Gilas Pilipinas program director and Ateneo head coach Tab Baldwin fully understands Dwight Ramos’ decision to turn pro in Japan.
After all, the University Athletic Association of the Philippines’ 84th season is still uncertain and that the 23-year-old Ramos only arrived in the country to play ball.
“Obviously, Dwight is ready for the pro game.
“For the whole pandemic, the amateurs sat on their hands and it has taken a big toll,” Baldwin told Tiebreaker Times. “Some players are doing their work and for players that are Dwight’s caliber, he had a choice to wait or pull the trigger to be a basketball player. He chose the other because he missed the basketball lifestyle.”
Being Ramos’ coach in Ateneo and in Gilas, Baldwin was regularly updated on his plans.
According to a source closely monitoring the situation, Ramos was close to signing with T1 team Taichung Suns before Gilas left for Jordan for the King’s Cup.
When a deal was not reached, the B.League’s Toyama team came calling.
Ultimately, it was Ramos and his camp who made the choice to sign and turn pro.
“There was never a time he asked advice from me. He kept me ‘abreast’ that he was considering an offer but never asked me about it,” said Baldwin. “From my understanding, he was in careful consultation with his agency Titan and PJ [Pilares].
“The ultimate decision was made at that level.”
Baldwin bared that losing Ramos will be tough for Ateneo and “just a little” tough for Gilas.
“It changes his status as a Gilas player but we have to move on.”
Baldwin is not singling out Ramos whose status changed for the national team.
Earlier this year, the majority of the Gilas team that helped the Philippines complete a magical run in the 2021 FIBA Asia Cup Qualifiers have decided to turn pro.
Excluding Adelaide’s Kai Sotto and San-En’s Thirdy Ravena — who were already pros prior to the Qualifiers, the other players who have signed pro contracts overseas are Juan Gomez de Liaño (Earthfriends Tokyo Z), Javi Gomez de Liaño (Ibaraki Robots), Kemark Carino (Aomori Wat’s), Kobe Paras (Niigata Albirex BB), and Lebron Lopez (Overtime Elite).
For B.League and Korean Basketball League players, the league usually takes a three-week break in November which falls during the first window of FIBA Qualifier games. Moreover, all of the Gilas prospects in Japan, including Shiga’s Kiefer Ravena and Nagoya’s Ray Parks Jr., have a FIBA release clause in their contracts.
This year, the league will stop on November 14 and will resume on December 4. The league will also take a break from February 6 to March 5.
In a perfect world, it would be ideal as Gilas’ first two games in the World Cup Qualifiers will be on November 25 and 28.
But in this time of corona, everyone arriving in the country must undergo a 10-day quarantine.
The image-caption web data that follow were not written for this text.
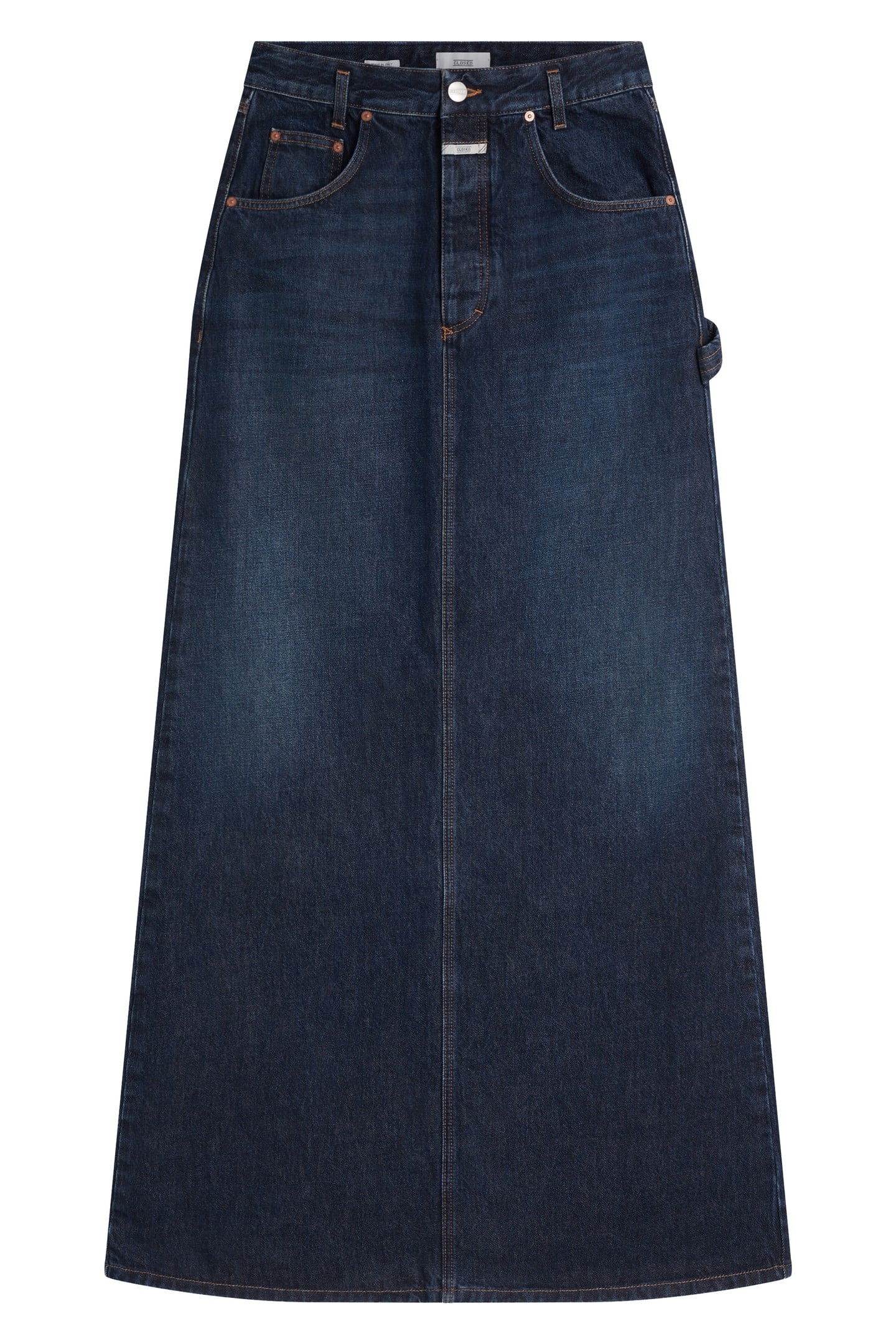 LONG 5-POCKET SKIRT DARK BLUE 5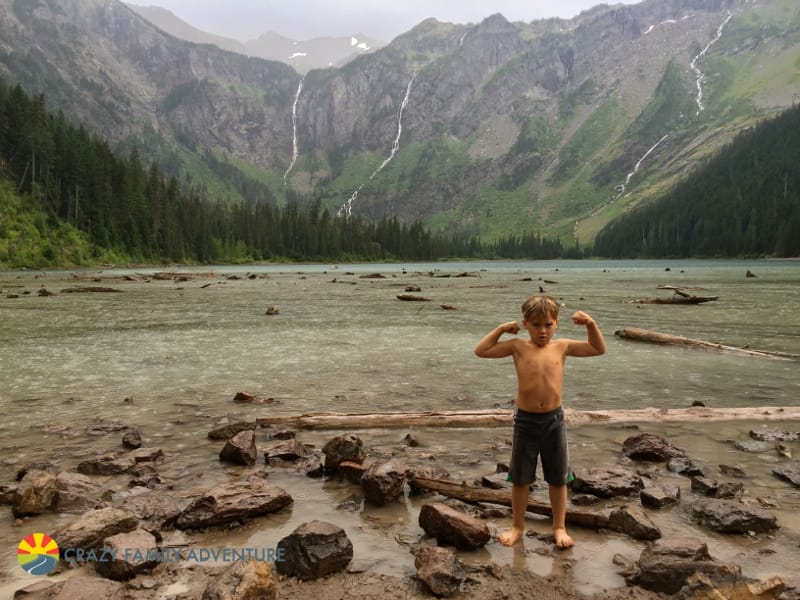 Cannon feeling strong after hiking to Avalanche Lake in Glacier National Park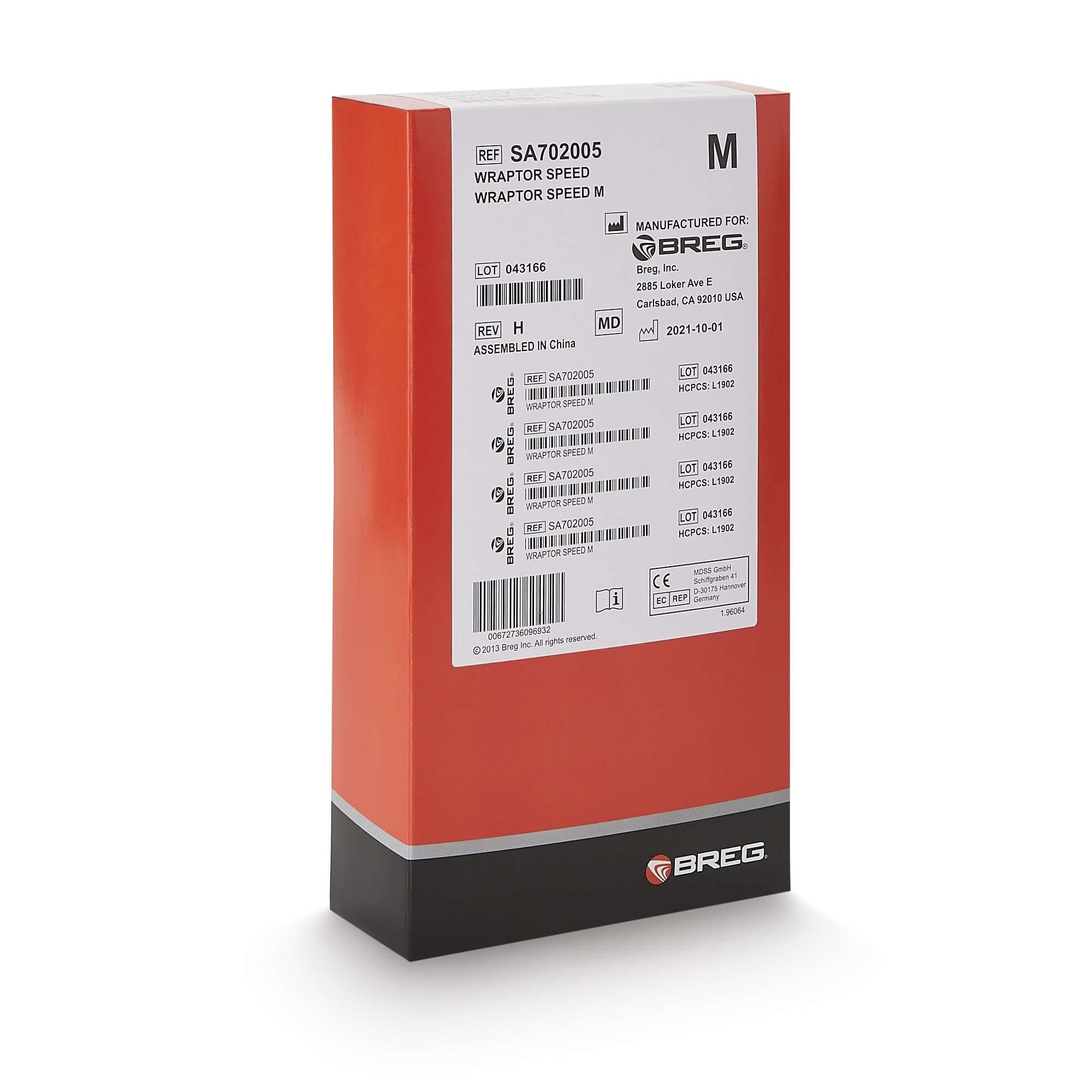 Bregs Wraptor Ankle Stabilizer With Speed Lacers, Black - Image 3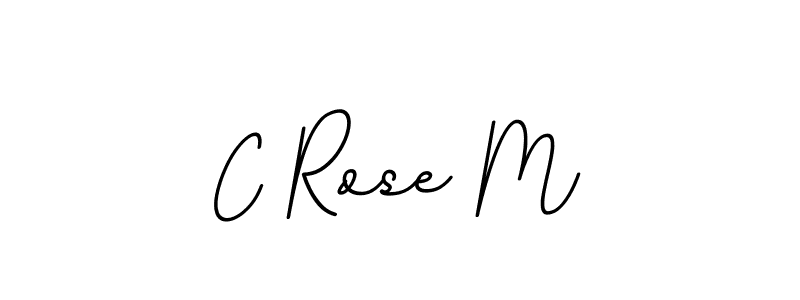 C Rose M stylish signature style. Best Handwritten Sign (BallpointsItalic-DORy9) for my name. Handwritten Signature Collection Ideas for my name C Rose M. C Rose M signature style 11 images and pictures png
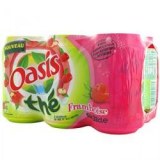 Pack Oasis thé/framboise 6x33cl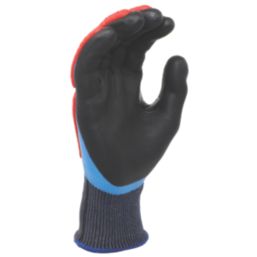 MCR Safety IP1071ND Cut & Impact Resistant Gloves Black/Blue/Red Medium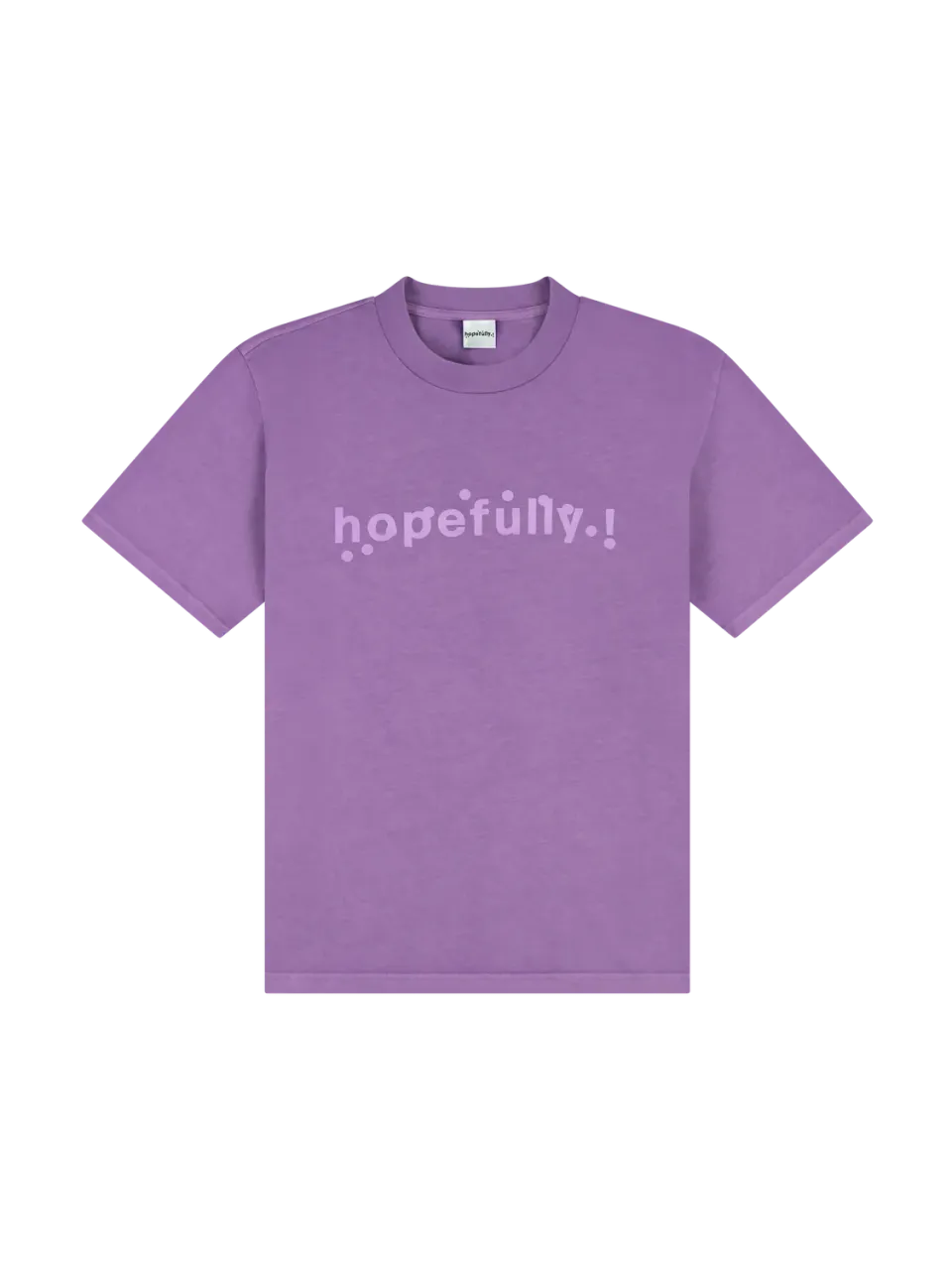 EMI hopefully! t-shirt violet overdye coton S-XXL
On top of that, will their mother team allow them to travel back to the Philippines especially in this time of a pandemic?
That is why Baldwin, his coaching staff, and the rest of the Samahang Basketbol ng Pilipinas are classifying the overseas pros like their local counterparts in the Philippine Basketball Association.
“Dwight will now fall into the same consideration bucket with the likes of other professional players,” bared Baldwin.
“That’s a difficult situation for the Gilas program.
“As coaches, we have to do what is best for the program. Do talent and skill justify them coming in with short preparation time? Do we as a coaching staff give that player the same consideration as we do with our full-time players? We have to answer that question at the right time,” he continued.
Gilas have already proven that long preparation leads to good things.
Back in February, the national team — which is described by some as a “C team” since it was composed of fresh graduates and college student-athletes — was able to beat South Korea twice, blow out Indonesia, keep close with China in a tune-up, almost stunned Serbia, and matched up well with the Dominican Republic.
“We have to measure their values to Gilas based on two factors — chemistry and culture.
“We can easily add talent over chemistry but that might affect the results. It’s an extremely difficult assessment we have to make for every single player,” he explained.
It’s not to say that the federation will not invite the overseas pros to Gilas.
But what about the Gilas draftees Isaac Go, the Nieto twins, Rey Suerte, Allyn Bulanadi, Jordan Heading, William Navarro, Tzaddy Rangel, and Jaydee Tungcab; and collegiate standouts like Angelo Kouame, Justine Baltazar, Carl Tamayo, RJ Abarrientos, SJ Belangel, Dave Ildefonso, and other potential prospects who will be training hard inside a bubble starting later this month? By the time the overseas players arrive, they would have already built the chemistry needed for the Qualifiers.
It’s a careful thread Baldwin and the federation are walking on on a daily basis.
“Is it a black and white line or should we try to figure out some formula for each individual player? Will that addition of talent go hand in hand with chemistry and culture?” he wondered.
“There’s no defined formula for this. It is a ridiculously tough job but that’s the job.”